» Task instructions
Leave the pictures out and print, word for word, the lines below from the one with "GQIYIBBEI 3Pcs/set Non-woven" through the final line.

» Provided material
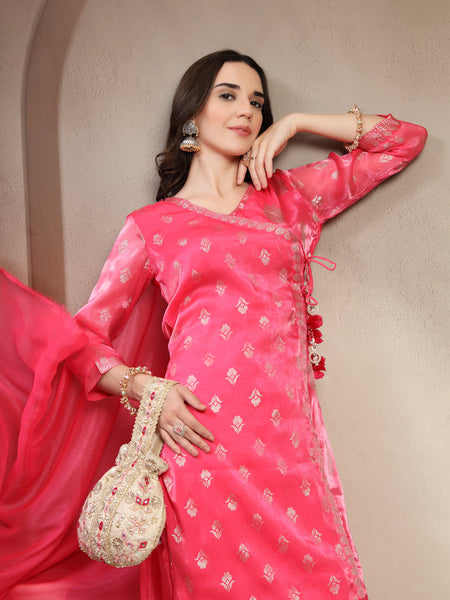 Women Pink Printed V-Neck Kurta & Trousers With Dupatta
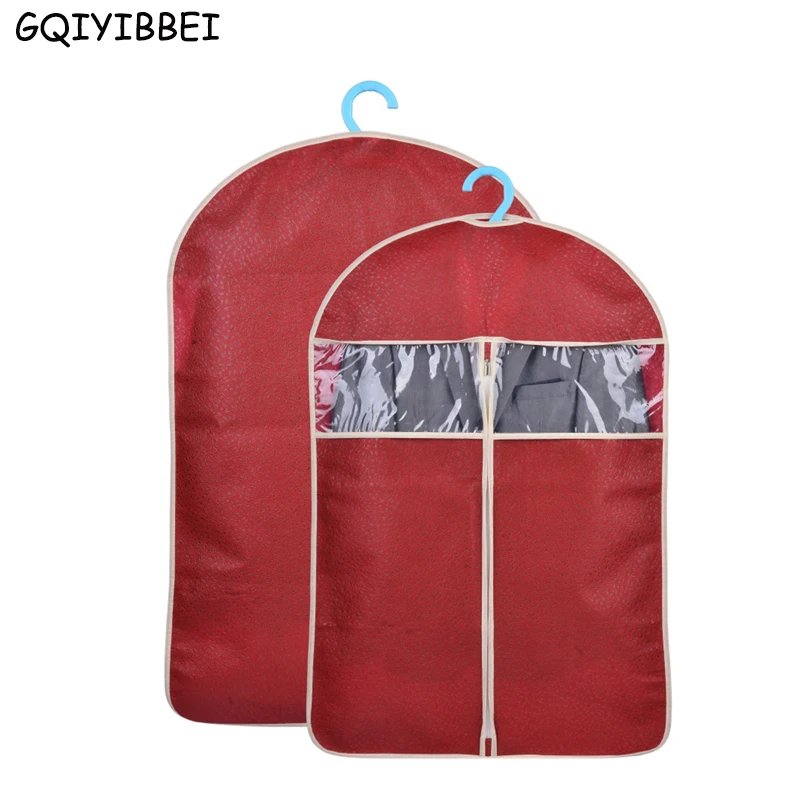 

GQIYIBBEI 3Pcs/set Non-woven Garment Suit Coat Protector Dust Cover Transparent Wardrobe Storage Bag For Clothes Organizador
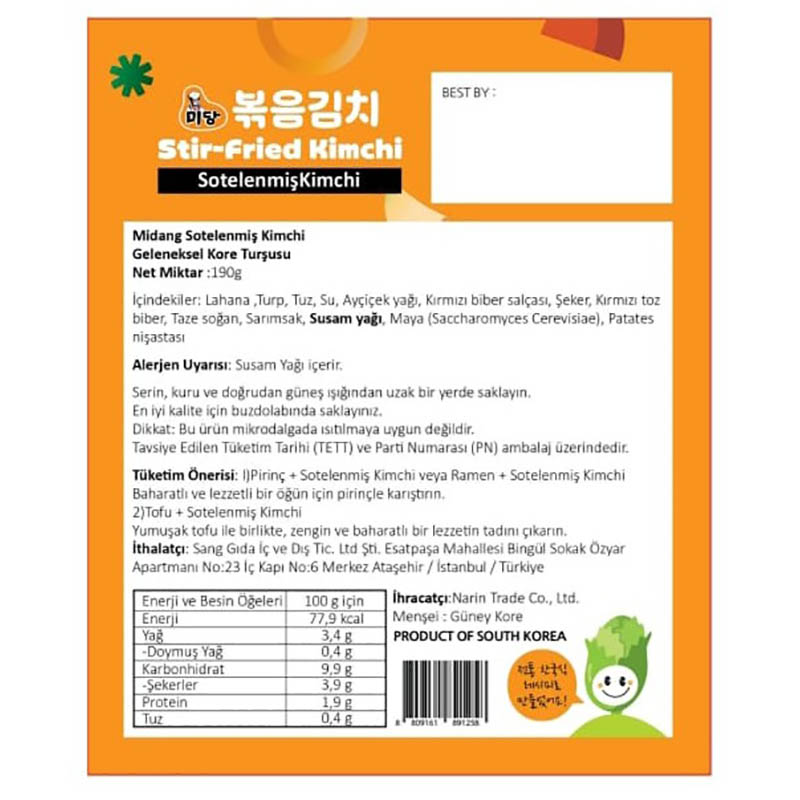 Kimchi Sotelenmiş Turşu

» Output of the task
GQIYIBBEI 3Pcs/set Non-woven Garment Suit Coat Protector Dust Cover Transparent Wardrobe Storage Bag For Clothes Organizador
 Kimchi Sotelenmiş Turşu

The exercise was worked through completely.